This is an excellent question, and its applicability is broader than the author may have anticipated.
Many a WPF project has turned into spaghetti goo because of n00b programmers who do not quite understand MVVM, and the importance of separation between application logic and presentation logic.
Most WPF programmers put views and viewmodels side by side in the same directory. Every single WPF project I have ever seen is structured like that. It may be convenient because the source files are always next to each other, but it is dead wrong, because it means that both views and viewmodels reside in the same project, which means that the WPF assemblies are available to application logic, which means that there is no separation between application logic and presentation logic. (Which is what MVVM was mainly invented to address.)
That's how you get tests running on a CI/CD server eternally stuck waiting for someone to click OK on an application-modal message box, and other hilarious situations like that.
To prevent this, it is prudent to put all application logic in a separate project, and refrain from having that project reference any WPF assemblies.

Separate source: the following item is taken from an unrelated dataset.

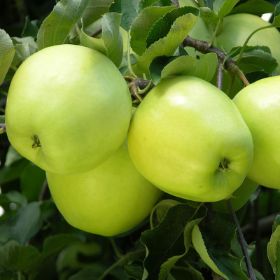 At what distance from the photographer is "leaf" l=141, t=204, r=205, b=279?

This may necessitate some infrastructure work, like abstracting the MessageBox
facility, the Dispatcher
, etc. and providing (injecting) these abstractions to the application logic, but it is very well worth doing.
Once you have accomplished this separation between application logic and presentation logic, the next question is how to prevent n00b programmers from mixing them together again.
For example, as soon as someone needs to work with the concept of colors in application logic, they won't even blink before referencing the WPF assemblies to start making use of System.Windows.Color
. The question is how to prevent that.
Other answers to this question suggest using third-party tools, using code analysis, and even parsing project files. User "Ben" wrote in his answer that he solved the problem programmatically, but he did not show any code.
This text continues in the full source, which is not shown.